INDEPENDENT AUDITORS' REPORT

The Board of Trustees and Shareholders,
Smith Breeden Intermediate Duration U.S. Government Series
     of the Smith Breeden Series Fund:

We have audited the accompanying statement of assets and liabilities, 
including the schedule of investments, of the Smith Breeden Intermediate 
Duration U.S. Government Series of the Smith Breeden Series Fund as of 
March 31, 1995, and the related statements of operations for the year 
ended and changes in net assets for each of the years in the two-year 
period then ended and financial highlights for each of the years in the 
two-year period then ended and the period March 31, 1992 (commencement 
of operations) to March 31, 1993.  These financial statements and financial 
highlights are the responsibility of the Fund's management.  Our 
responsibility is to express an opinion on these financial statements and 
financial highlights based on our audits.

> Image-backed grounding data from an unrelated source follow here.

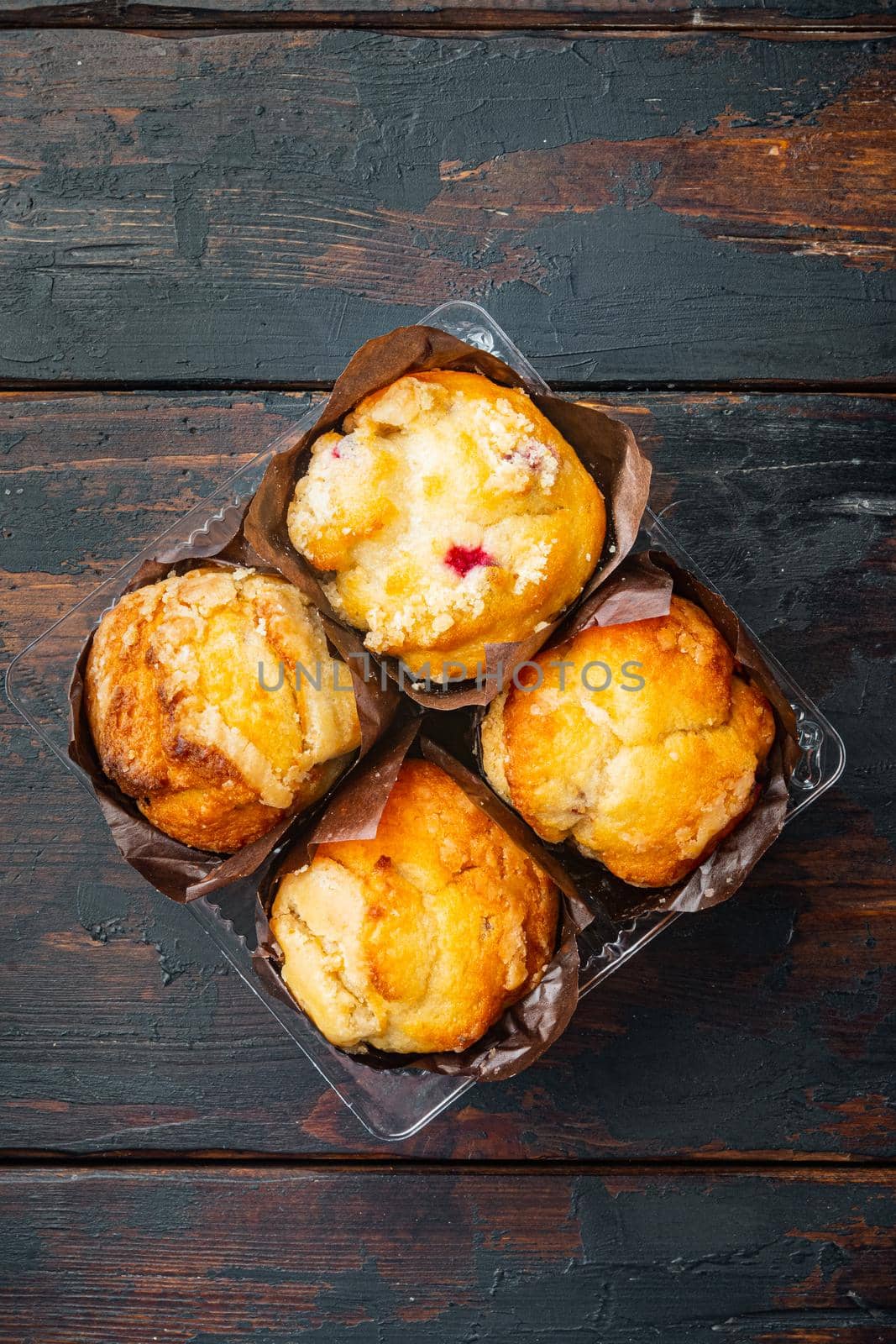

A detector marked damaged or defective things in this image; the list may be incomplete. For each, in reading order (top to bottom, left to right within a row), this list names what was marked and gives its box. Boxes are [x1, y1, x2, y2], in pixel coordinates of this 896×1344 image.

paint chipped wood surface [0, 31, 892, 386]
paint chipped wood surface [3, 386, 892, 1156]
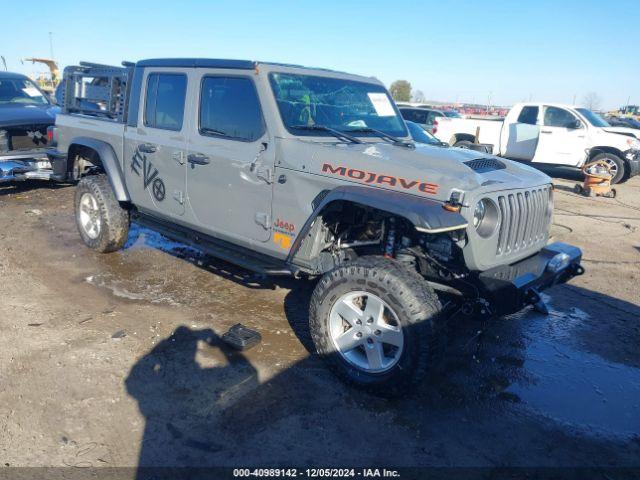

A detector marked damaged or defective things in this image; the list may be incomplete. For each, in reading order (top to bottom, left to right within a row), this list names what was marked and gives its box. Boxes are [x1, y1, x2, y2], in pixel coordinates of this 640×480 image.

detached front wheel [75, 174, 130, 253]
detached front wheel [310, 256, 444, 396]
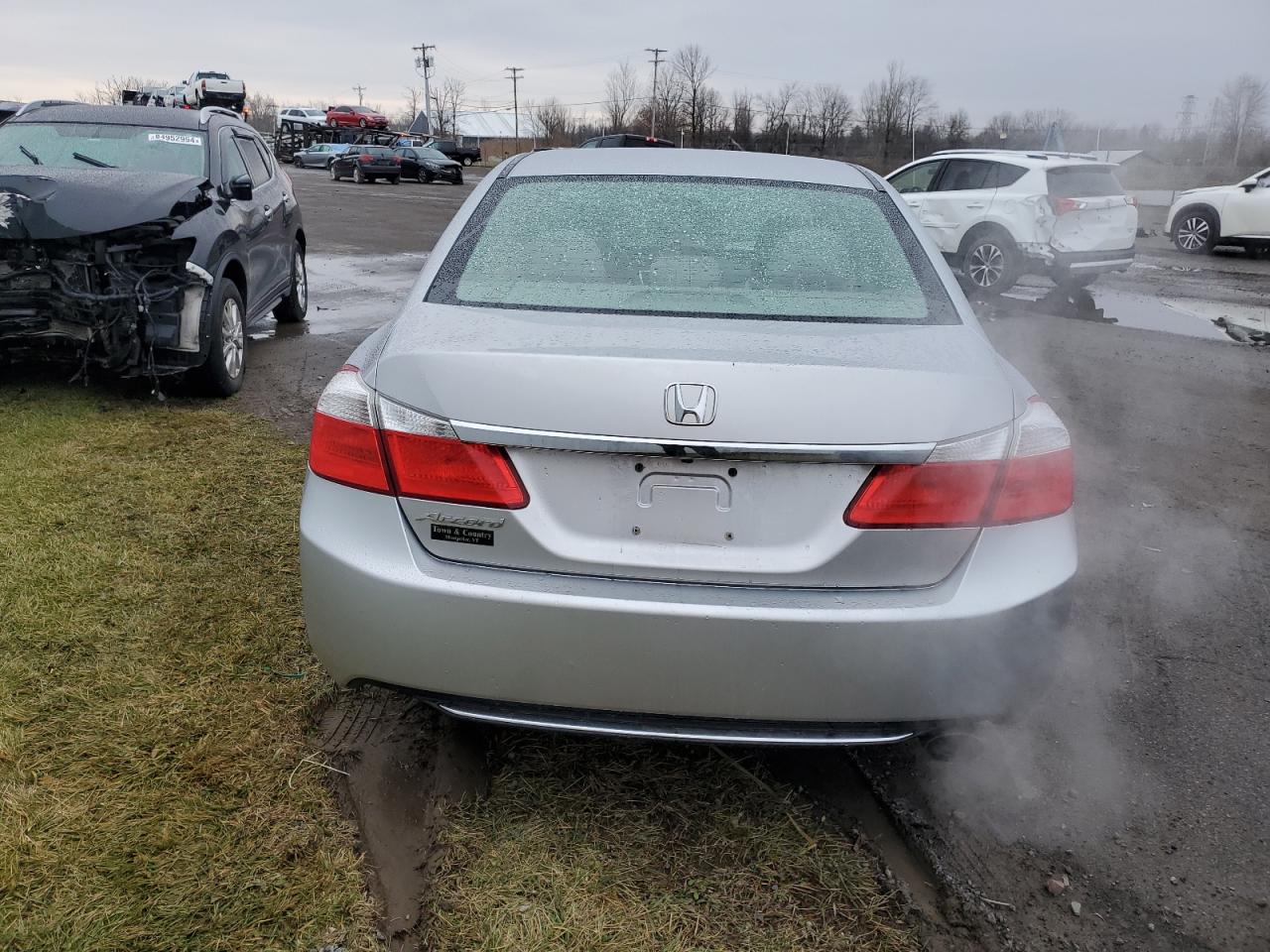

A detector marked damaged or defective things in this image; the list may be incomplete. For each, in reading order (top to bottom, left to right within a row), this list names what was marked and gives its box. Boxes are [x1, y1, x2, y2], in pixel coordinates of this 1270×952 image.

We conducted our audits in accordance with generally accepted auditing 
standards.  Those standards require that we plan and perform the audit 
to obtain reasonable assurance about whether the financial statements and 
financial highlights are free of material misstatement.  An audit includes 
examining, on a test basis, evidence supporting the amounts and disclosures 
in the financial statements.  Our procedures included confirmation of 
securities owned at March 31, 1995 by correspondence with the custodian 
and brokers.  An audit also includes assessing the accounting principles 
used and significant estimates made by management, as well as evaluating 
the overall financial statement presentation.  We believe that our audits 
provide a reasonable basis for our opinion.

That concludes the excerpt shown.